_REQUIREMENT_
Please transcribe the listing that follows exactly; images are to be excluded.

_DATA BLOCK_
----

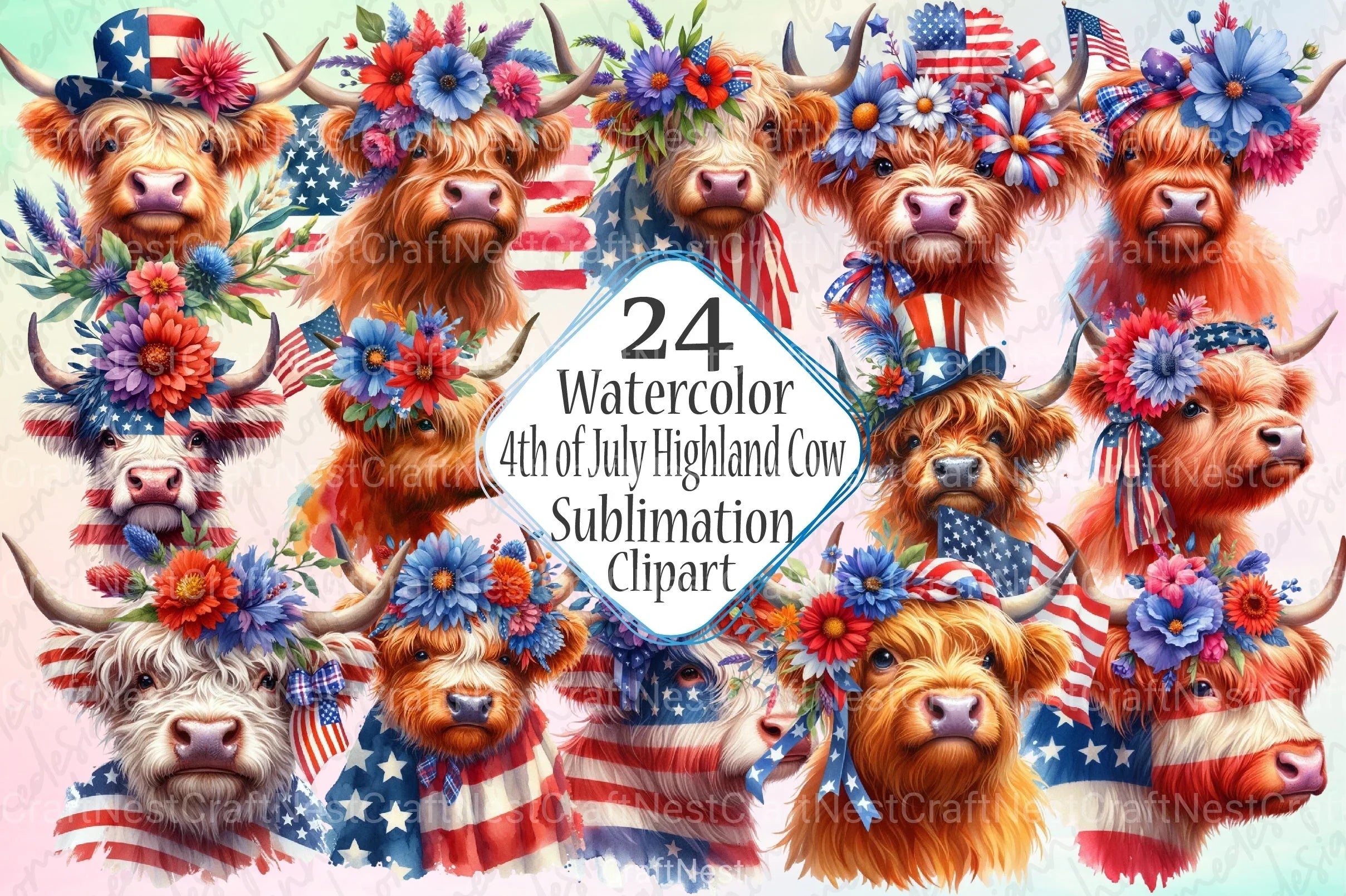 4th of July Highland Cow Clipart Bundle - CraftNest - Digital Crafting and Art
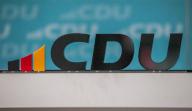 25 May 2024, Bremen: A CDU logo stands on the podium in the event room before the start of the Bremen CDU state party conference. The agenda of the Christian Democrats includes the election of the new state executive committee. Photo: Focke Strangmann/dpa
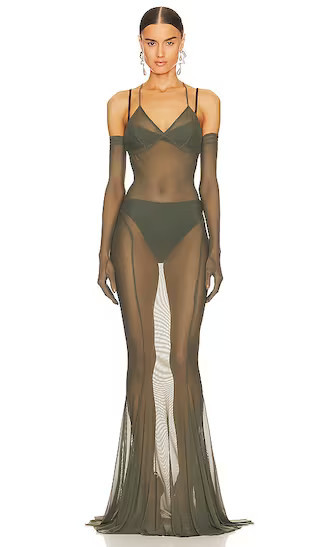 Low Back Slip Fishtail Gown in Celadon | Olive Green Dress | Olive Dress | Coachella Outfit Outfits | Revolve Clothing (Global)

----

_OUTPUT_
 4th of July Highland Cow Clipart Bundle - CraftNest - Digital Crafting and Art
 25 May 2024, Bremen: A CDU logo stands on the podium in the event room before the start of the Bremen CDU state party conference. The agenda of the Christian Democrats includes the election of the new state executive committee. Photo: Focke Strangmann/dpa
 Low Back Slip Fishtail Gown in Celadon | Olive Green Dress | Olive Dress | Coachella Outfit Outfits | Revolve Clothing (Global)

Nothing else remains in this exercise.